▸ ABOUT THIS EXERCISE:
Output only the stretch of the listing that starts at the line containing "GMC ACADIA 2011 1gkkvred2bj100743" and ends at the line containing "UTTERMOST, Shaefer Table Lamp, TABLE LAMPS", reproduced exactly with both ends.

___ SOURCE MATERIAL

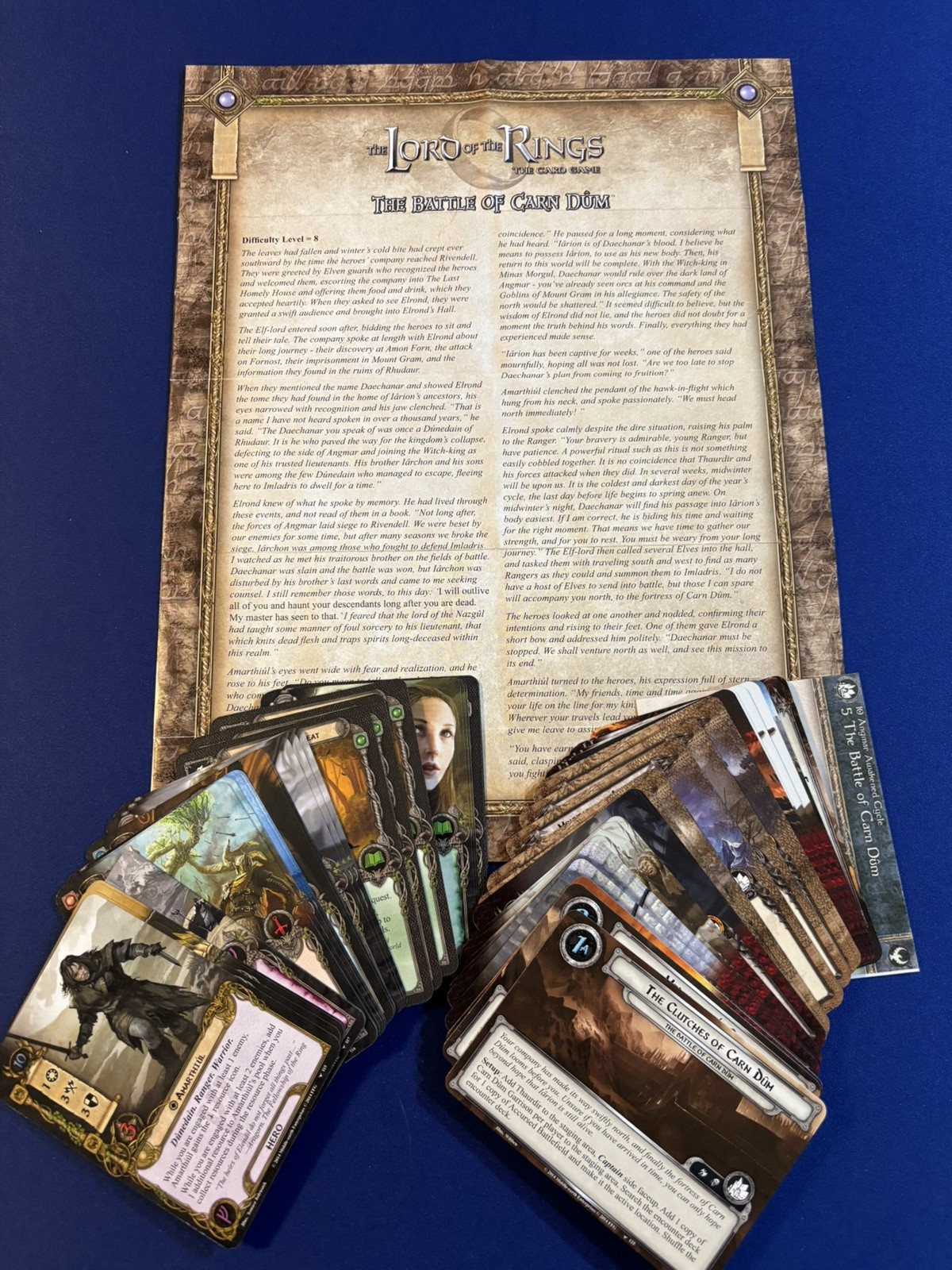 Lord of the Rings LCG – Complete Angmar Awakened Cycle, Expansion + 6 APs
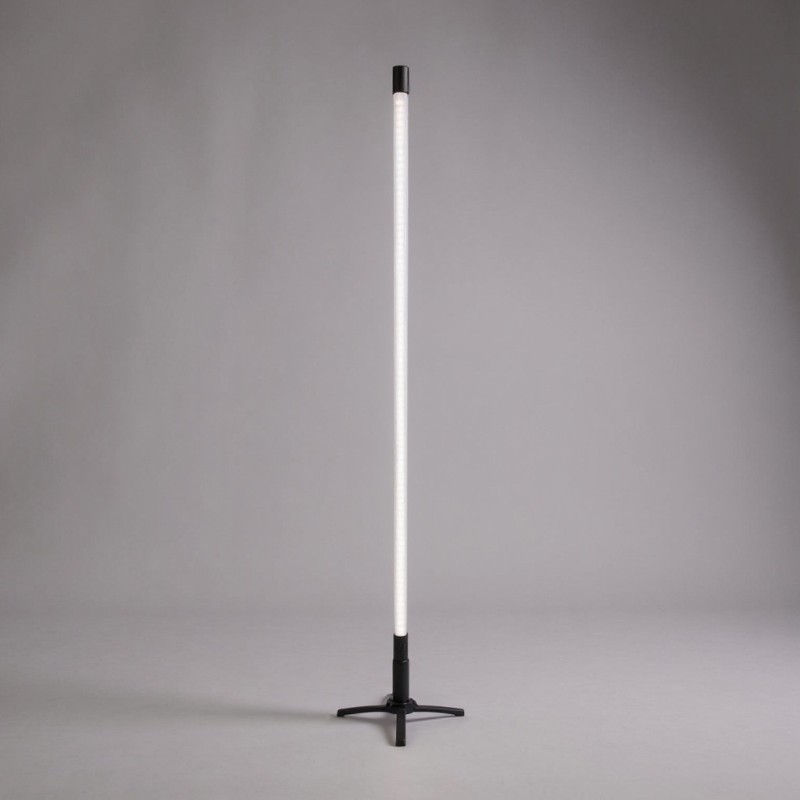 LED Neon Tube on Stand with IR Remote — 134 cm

______
___ SOURCE MATERIAL

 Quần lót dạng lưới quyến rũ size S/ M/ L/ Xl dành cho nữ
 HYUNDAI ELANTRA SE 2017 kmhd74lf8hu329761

______
___ SOURCE MATERIAL

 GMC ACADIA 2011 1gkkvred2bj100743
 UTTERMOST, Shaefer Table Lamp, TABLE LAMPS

______

▸ TASK RESULT:
 GMC ACADIA 2011 1gkkvred2bj100743
 UTTERMOST, Shaefer Table Lamp, TABLE LAMPS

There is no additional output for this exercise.